Sarajevo Roses

 

When a mortar explodes in the street it leaves a unique pattern on the ground. The concrete scars look like pressed flowers. We call them Sarajevo Roses.

A fresh bouquet was left for us this morning. I stepped around them when I came back from the Holiday Inn, where we go to make a few phone calls, or to pick up and send FAXs to our various friends. These days, it’s our only form of communication with anyone outside the city.

In the relative protection of our underground café, I share a letter sent to us from our friends on the enemy side, those who maintain B92, Radio Free Beograd. They write that the snipers in the hills surrounding our beautiful city of collapse and ruin get paid per target. Extra for children. One sniper who was interviewed by a French reporter—rebroadcast on B92—told of how he relished seeing the expression on a mother’s face when her daughter, standing next to her, is shot.

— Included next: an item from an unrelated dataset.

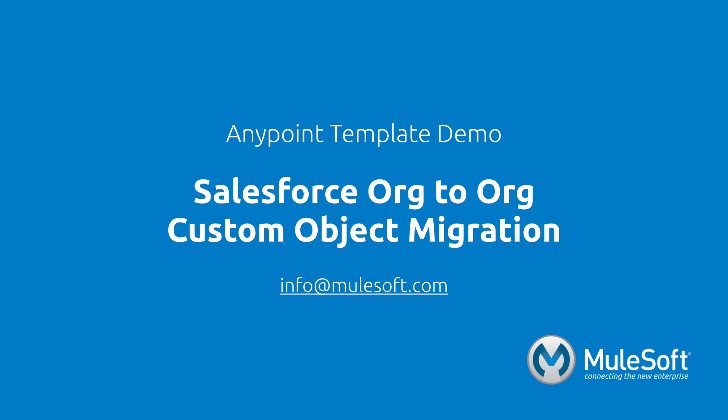Today, we've shown you our Salesforce to Salesforce custom object migration template and migrated custom objects over from one organization to another. To find out more about the template, follow the view documentation link on the templates detail page. Give the template a try, and if you have any questions or feedback, please send it to info at mulesoft.com. Thank you.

It’s important to be proud of one’s work—to hold to one’s convictions—even in the face of disputes to the contrary. And even in these troubling and difficult times, it is reassuring to know there is job security in Sarajevean Snipering. So many of us still remain here to be the intended targets in these circus games. We stay, continuing with our daily rounds of Bosnian Roulette in our attempts to get water from the only remaining spigot in the city. Occasionally, due to boredom steeped in repetition, we set up other contests to pass the time competing with the snipers in the hills.

One street corner in particular is a favorite arcade for the sharp-shooters. Anyone crossing the river and coming into town on a trek for water—or trying to sneak out of the city before this tournament is over—has to pass through this crossroad. Quite a rewarding site for the proud snipers who are paid per head; extra for kids.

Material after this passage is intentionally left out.